Come cambia la Csr e il ruolo del sustainability manager per effetto del traino dei consumatori?

Come ho detto, la responsabilità sociale permea tutta l’azienda, e sempre di più tutta la filiera. Non è solo un discorso legato ai consumatori, che nel caso di una B2B può fermarsi a un’altra industria piuttosto che essere esteso al consumatore finale, è un discorso legato alla catena di fornitura, ai prospect, alle comunità, a chi lavora per un’azienda e a chi considera di poterlo fare in futuro. È un concetto di prospettiva e di punti di vista. È chiaro che così come per gli investitori, la visione di un cliente è assolutamente fondamentale, anche perché la sostenibilità rappresenta un’opportunità di business: uno degli aspetti legati al nostro settore è rappresentato, ad esempio, dall’applicazione del Life cycle assessment alle varie tipologie di cavi, monitorando gli impatti ambientali della vita intera del prodotto e rispondendo in questo modo alle esigenze di clienti come le utility, che interrando o immergendo cavi sott’acqua hanno la necessità di gestire un prodotto ecosostenibile. Mi piace però notare come in questa partita il cliente non sia il driver principale, o la conditio sine qua non per innescare determinati processi. La sostenibilità è un tavolo al quale siamo seduti tutti, le aziende e i loro stakeholder, ma soprattutto noi individui in prima persona. E affrontarla responsabilmente, dalla più piccola azione personale al più complesso dei processi industriali, è l’unica strada percorribile.

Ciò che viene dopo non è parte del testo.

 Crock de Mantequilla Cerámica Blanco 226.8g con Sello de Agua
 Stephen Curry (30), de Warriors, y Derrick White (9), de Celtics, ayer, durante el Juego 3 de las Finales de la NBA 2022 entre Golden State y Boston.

Quale integrazione ha sviluppato l’azienda nel reporting delle variabili non financial (capitale umano, intellettuale, sociale e territoriale)?

A oggi, la sostenibilità è un elemento che si integra completamente con tutte le funzioni aziendali e coinvolge diversi aspetti del business. Per Prysmian essere sostenibili significa esserlo a 360 gradi coinvolgendo maggiormente i diversi aspetti del business in materia di sostenibilità e inserendo all’interno del proprio reporting variabili non finanziarie collegate ai diversi capitali aziendali. I benefici di un approccio sostenibile si possono misurare sia in termini ambientali sia in termini di benefici per i dipendenti, per la comunità e il territorio così come per lo sviluppo aziendale. Questa interconnessione ci permette di valutare al meglio i nostri rischi e opportunità legati alle performance non finanziarie e di orientarci sempre più verso una vera e propria strategia di sostenibilità.